要約
誤情報の蔓延とその危険性を踏まえ、誤情報受容性の予測因子やそれに対する介入を明らかにすることに焦点を当てた研究が急増している。有望な個人差変数の一つが知的謙虚さ(IH)であり、これは自らの見解の限界を認めようとする姿勢を反映するものである。研究では、IHが誤情報に対する信念の低さ、エビデンスに基づく行動(例:ワクチン接種を受ける)への意図の高さ、およびエビデンスに基づく行動の実際の実行(例:COVID-19対策をとる)の多さと相関することが示されている。我々は、この拡大しつつある研究領域を多水準メタ分析的レビュー(k = 27、S = 54、ES = 469、N = 33,814)によって統合し、IHと誤情報受容性との関連について正確な推定値を提供するとともに、異質性の潜在的な要因を明らかにしようとした。その結果、IHは信念に関する誤情報受容性の低さ(r = -.15、95% CI [-.19, -.12])、誤情報から離れようとする意図の高さ(r = .13、95% CI [.06, .19])、および人々を誤情報から遠ざける行動(r = .30、95% CI [.24, .36])と関連していることが分かった。効果量は概して小さく、モデレータ分析により、(狭義の測定尺度と比較して)包括的なIHの測定尺度において効果がより強いことが明らかになった。これらの知見は、IHが誤情報に対するレジリエンスを理解するための一つの経路であることを示唆しており、我々はこの結果を活用して、境界条件、リスク要因、因果的含意に焦点を当てた今後の重要な研究領域を明示する。主要な要点
- 54件の研究のメタ分析により、知的謙虚さ(IH)が誤情報への受容性の低さと一貫して関連していることが分かった。これには、虚偽の主張に対する信念の低さ、ワクチン接種のようなエビデンスに基づく行動への意図の高さ、およびそうした行動の実際の実行の多さが含まれる。

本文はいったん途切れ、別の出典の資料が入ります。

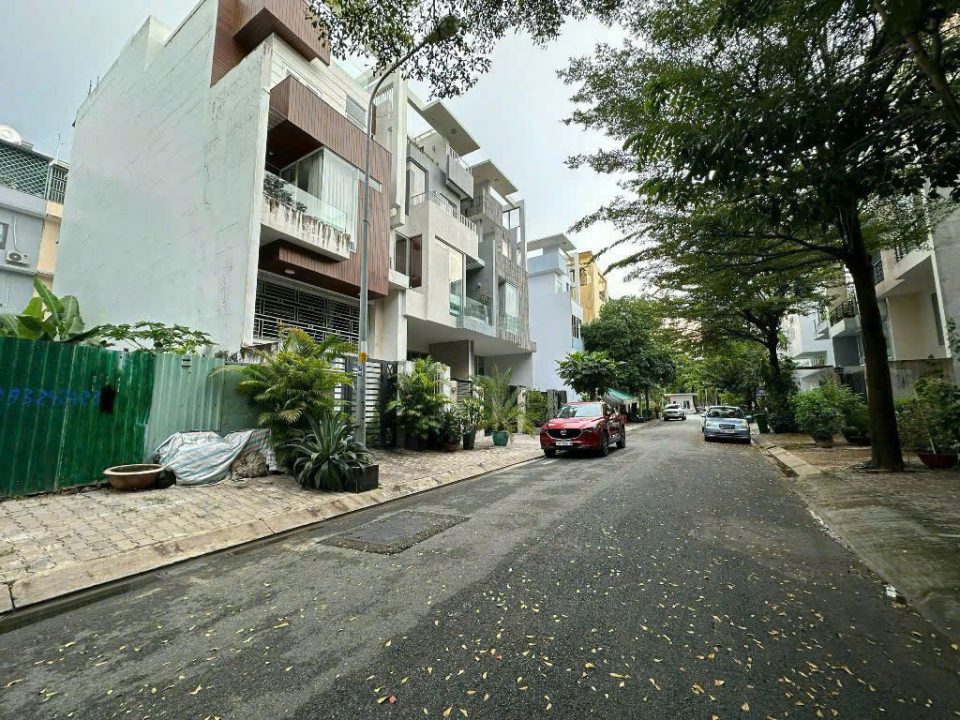 NHÀ PHỐ PHÚ MỸ VẠN PHÁT HƯNG QUẬN 7 – FULL NỘI THẤT | 6×21M | 340,5M² SÀN | CHỈ 22,5 TỶ
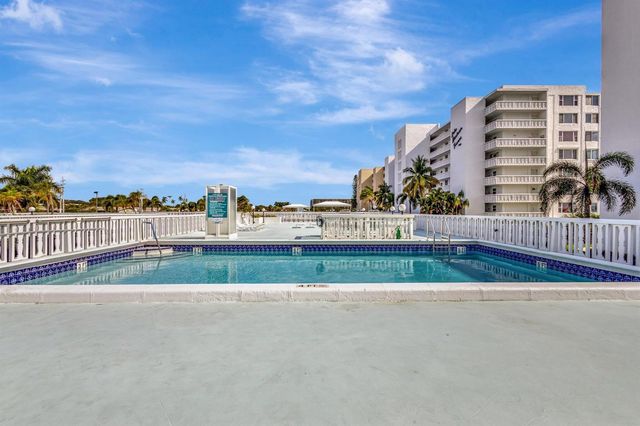 301 Lake Shore Drive 503, Lake Park, FL 33403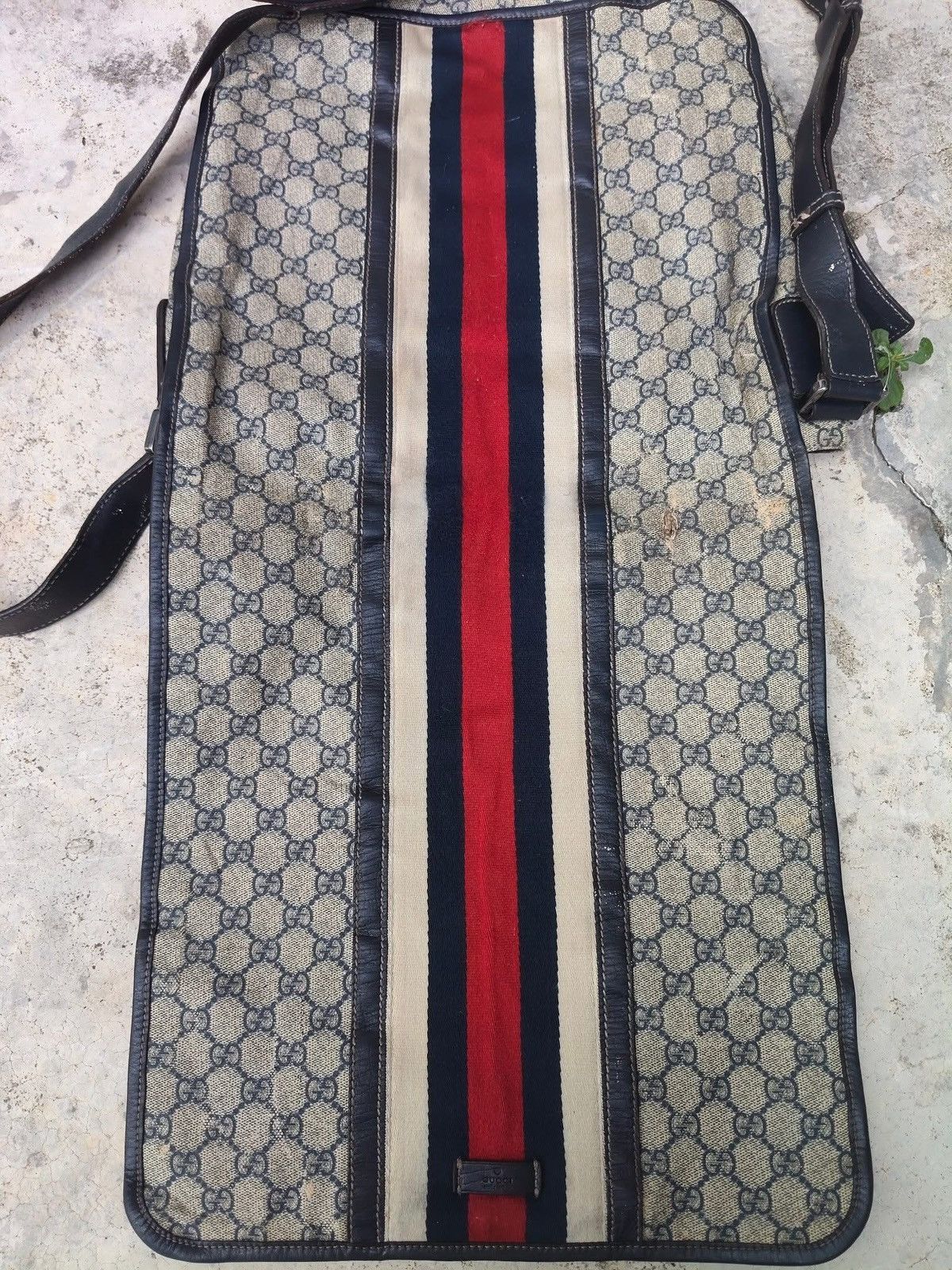 Gucci Authentic GUCCI Large Flap Messenger Bag Beige Navy Blue Size ONE SIZE - 4 Thumbnail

- この関連は、メタ認知のみに焦点を当てた狭義の測定尺度ではなく、メタ認知的・関係的・感情的側面をとらえる包括的なIHの測定尺度を用いた場合に最も強くなる。知的過信の欠如のような次元は、誤情報信念の低さと最も強い関連を示した。
- 知的謙虚さの効果は誤情報の種類によって異なり、その関連は陰謀論や一般的なフェイクニュースと比較して、疑似科学的信念、特に反ワクチン態度やCOVID-19に関連するものにおいて最も強かった。